Source data
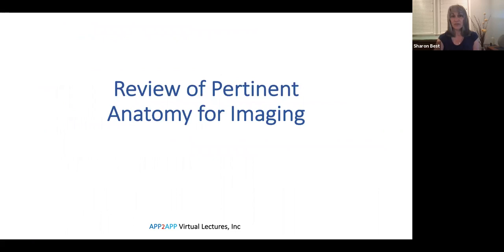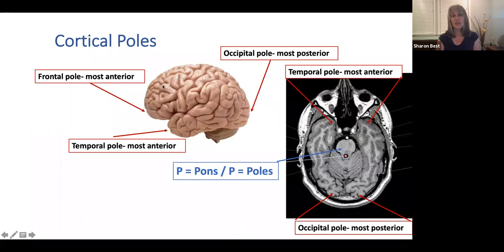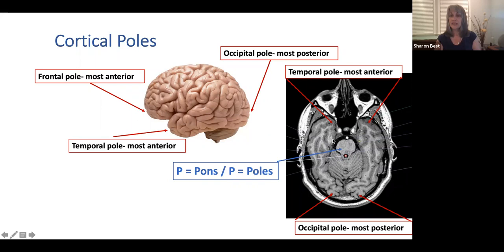We have the frontal pole, the occipital pole — the most posterior aspect of the occipital lobe — and the temporal pole — the most anterior aspect of the temporal lobe. On this axial MRI at the level of the pons, you'll learn to recognize that when the brainstem is shaped this way, you're about midway through the pons. Remember: P for pons and P for poles. At this level you can be looking at the temporal poles on right and left — both look quite full — along with occipital lobe in the posterior aspect and some cerebellum receding away.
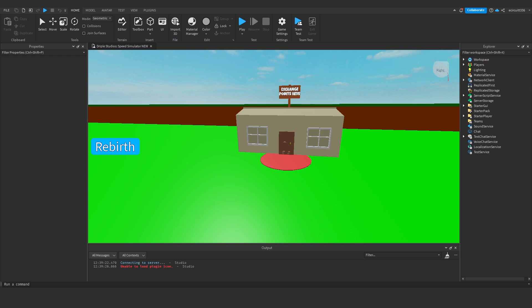Hello everyone. Today I'm going to show you how to abbreviate the numbers in your game. We're going to make text labels for all our stats and abbreviate everything, which means we're also going to move the points around so they're no longer part of our leader stats, but instead a separate statistics folder.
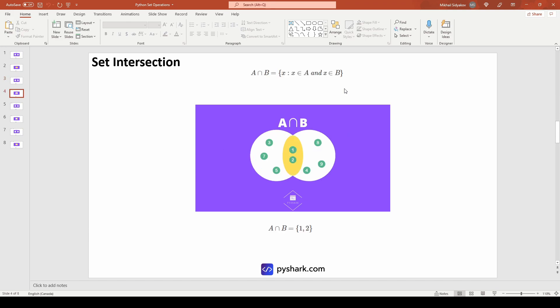When we perform the set intersection, elements 1 and 2 are the only elements present in both sets A and B. The yellow area in the infographic shows the intersection of set A with set B, and mathematically we write it as the intersection of set A and set B being the set with elements 1 and 2.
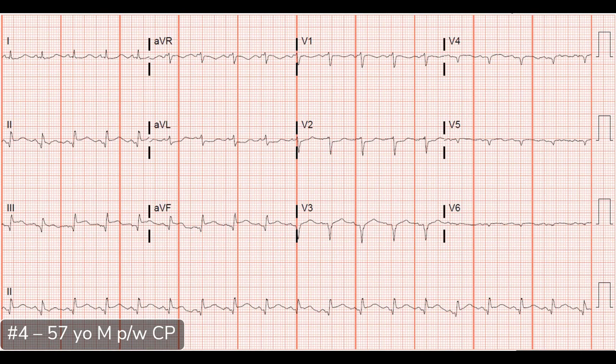For the most likely culprit artery, I'd put my money on an RCA lesion. The reason being it has inferior involvement, we start to see the high lateral depressions, and given the associated depressions in V1 and V2, this is highly consistent with an RCA occlusion.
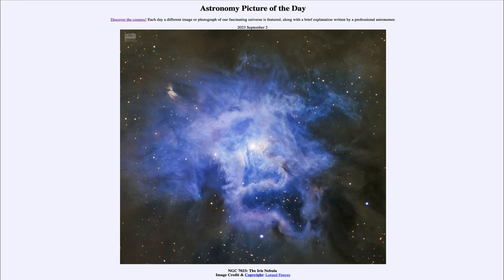We'll notice right away that this one is not red but distinctly blue, and that's because this is a different type of nebula. This is what is called a reflection nebula, and it appears blue because it is composed of dust grains that are scattering light. An emission nebula is composed of hydrogen gas which absorbs energy from the star and re-emits it at very specific wavelengths, whereas here we're looking at small interstellar dust grains that scatter the light.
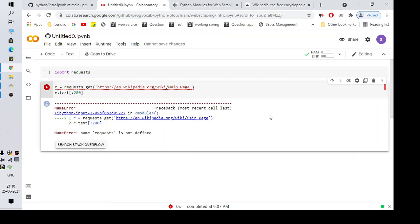Hi everyone, welcome back to another video. In this video we're going to talk about the error: NameError, name 'requests' is not defined.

Problem details
The required output is the lines from the one containing "We'll notice right" through the end of the data, printed exactly, with no pictures.

Reply to the task
We'll notice right away that this one is not red but distinctly blue, and that's because this is a different type of nebula. This is what is called a reflection nebula, and it appears blue because it is composed of dust grains that are scattering light. An emission nebula is composed of hydrogen gas which absorbs energy from the star and re-emits it at very specific wavelengths, whereas here we're looking at small interstellar dust grains that scatter the light.
Hi everyone, welcome back to another video. In this video we're going to talk about the error: NameError, name 'requests' is not defined.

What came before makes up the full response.